This question already has answers here:
When can argv[0] have null?
(4 answers)
Closed 6 years ago.
In the data structures class that I am currently taking, we have been tasked with writing a web crawler in C++. To give us a head start, the professor provided us with a program to get the source from a given URL and a simple HTML parser to strip the tags out. The main function for this program accepts arguments and so uses argc/argv. The code used to check for the arguments is as follows:
// Process the arguments
if (!strcmp(option, "-h"))
{
// do stuff...
}
else if (!strcmp(option, ""))
{
// do stuff...
}
else if (!strcmp(option, "-t"))
{
// do stuff...
}
else if (!strcmp(option, "-a"))
{
// do stuff...
}
if ( *argv == NULL )
{
exit(1);
}
Where "option" has been populated with the switch in argv[1], and argv[2] and higher has the remaining arguments. The first block I understand just fine, if the switch equals the string do whatever based on the switch. I'm wondering what the purpose of the last if block is though.
It could be that my C++ is somewhat rusty, but I seem to recall *argv being equivalent to argv[0], basically meaning it is checking to make sure arguments exist.

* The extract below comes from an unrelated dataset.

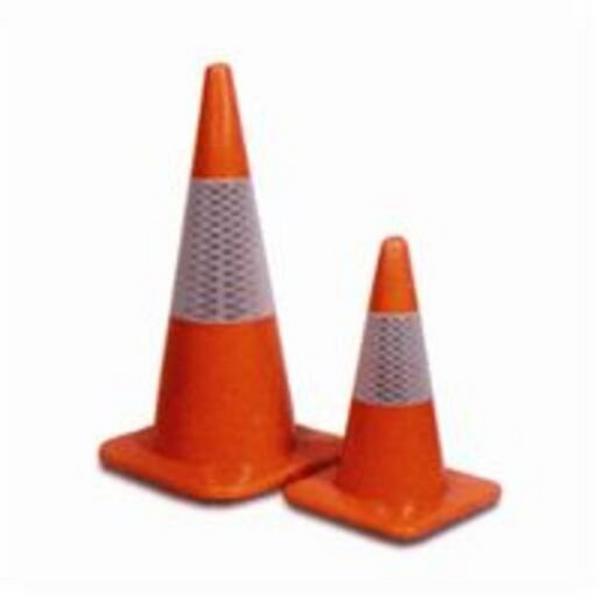 Orange Traffic Cone 450mm, Ideal Electrical Catalogue Safety Site Safety Traffic Management Road Signage - Construction Supplies Australia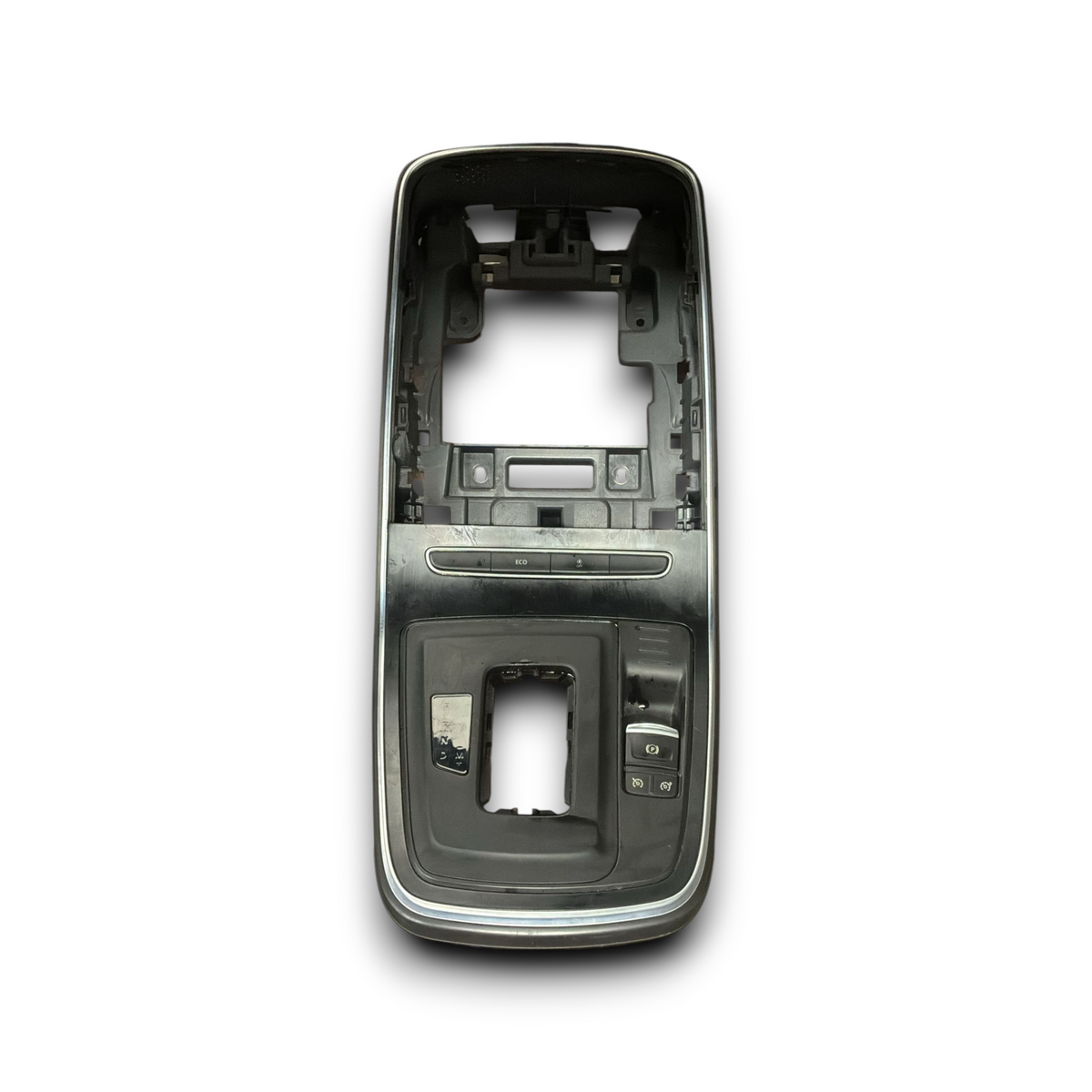 Central console cover renault grand scenic iv code: 682607429r (2016 ->)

Except I was under the impression that argv[0] always (at least in most implementations) contained the name of the program being run. It occurs to me that argv[0] could be null if argc is equal to 0, but searching around on Google I couldn't find a single post determining whether or not that is even possible.
And so I turn to you. What exactly is that final if block checking?
EDIT: I've gone with the reasoning provided in the comments of the selected answer, that it may be possible to intentionally cause argv[0] to become NULL, or otherwise become NULL based on an platform-specific implementation of main.
3.6.1/2:
If argc is non-zero those arguments
shall be provided in argv[0] though
... and argv[0] shall be the pointer
to the initial character of a NTMBS
that represents the name used to
invoke the program or "". The value of
argc shall be nonnegative. The value
of argv[argc] shall be 0.
Emphasis mine. argc is only guaranteed non-negative, not non-zero.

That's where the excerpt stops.